Data supplied:
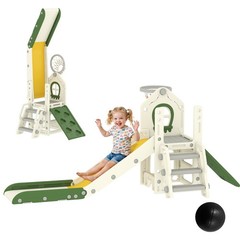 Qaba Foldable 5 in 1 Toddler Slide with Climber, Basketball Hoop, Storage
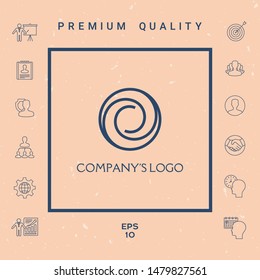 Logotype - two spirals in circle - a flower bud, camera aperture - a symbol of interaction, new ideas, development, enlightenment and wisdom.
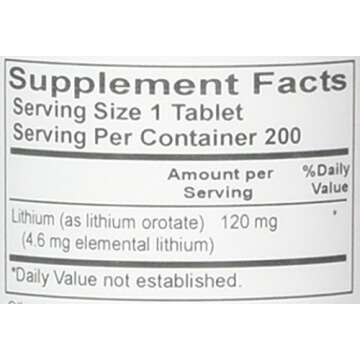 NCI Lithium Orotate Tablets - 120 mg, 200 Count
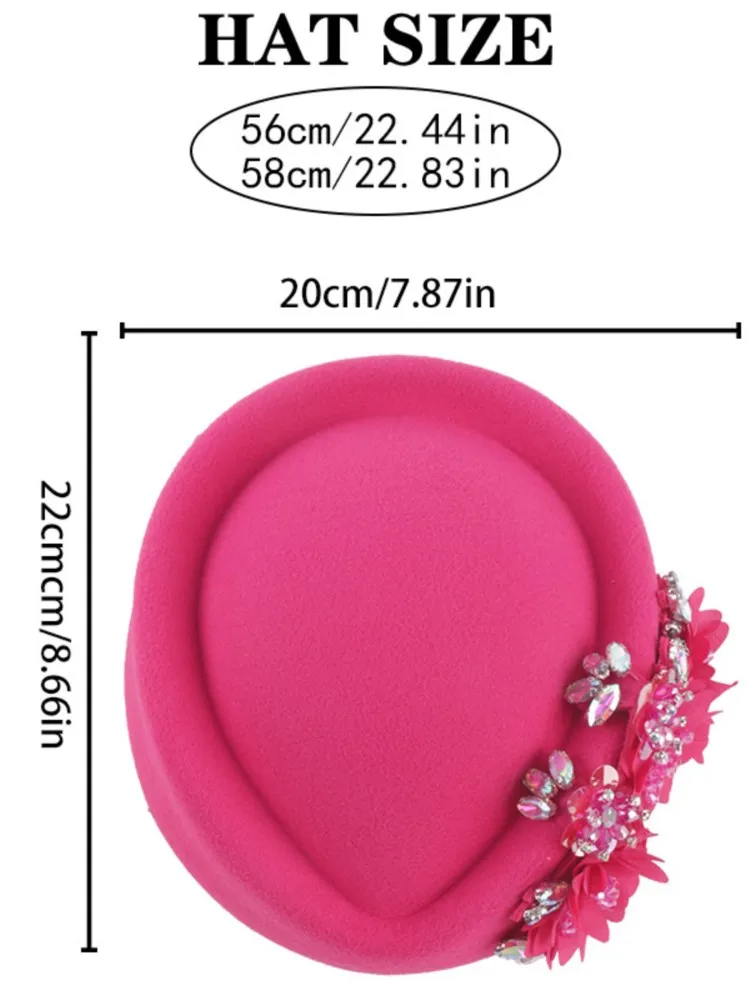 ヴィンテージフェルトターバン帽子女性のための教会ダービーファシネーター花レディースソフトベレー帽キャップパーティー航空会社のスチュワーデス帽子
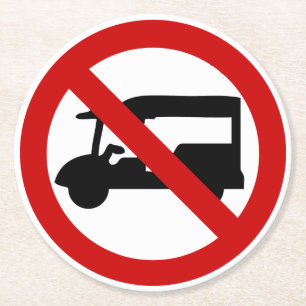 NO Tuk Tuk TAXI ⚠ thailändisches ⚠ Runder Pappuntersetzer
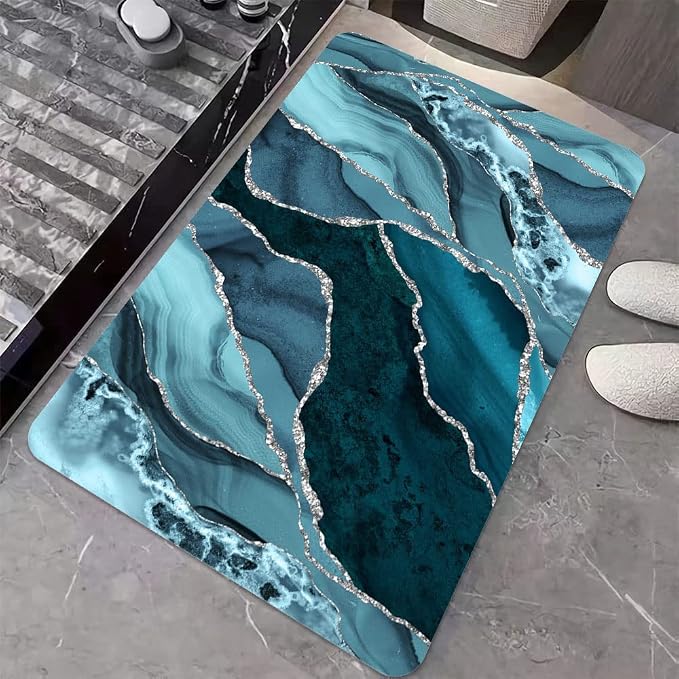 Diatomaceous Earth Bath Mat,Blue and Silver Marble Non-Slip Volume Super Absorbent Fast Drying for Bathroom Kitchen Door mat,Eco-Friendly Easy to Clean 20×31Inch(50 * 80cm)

Task prompt:
Only the lines from the one containing "NCI Lithium Orotate" through the last line of the records above should be repeated, exactly and without pictures.

Solution for this exercise:
 NCI Lithium Orotate Tablets - 120 mg, 200 Count
 ヴィンテージフェルトターバン帽子女性のための教会ダービーファシネーター花レディースソフトベレー帽キャップパーティー航空会社のスチュワーデス帽子
 NO Tuk Tuk TAXI ⚠ thailändisches ⚠ Runder Pappuntersetzer
 Diatomaceous Earth Bath Mat,Blue and Silver Marble Non-Slip Volume Super Absorbent Fast Drying for Bathroom Kitchen Door mat,Eco-Friendly Easy to Clean 20×31Inch(50 * 80cm)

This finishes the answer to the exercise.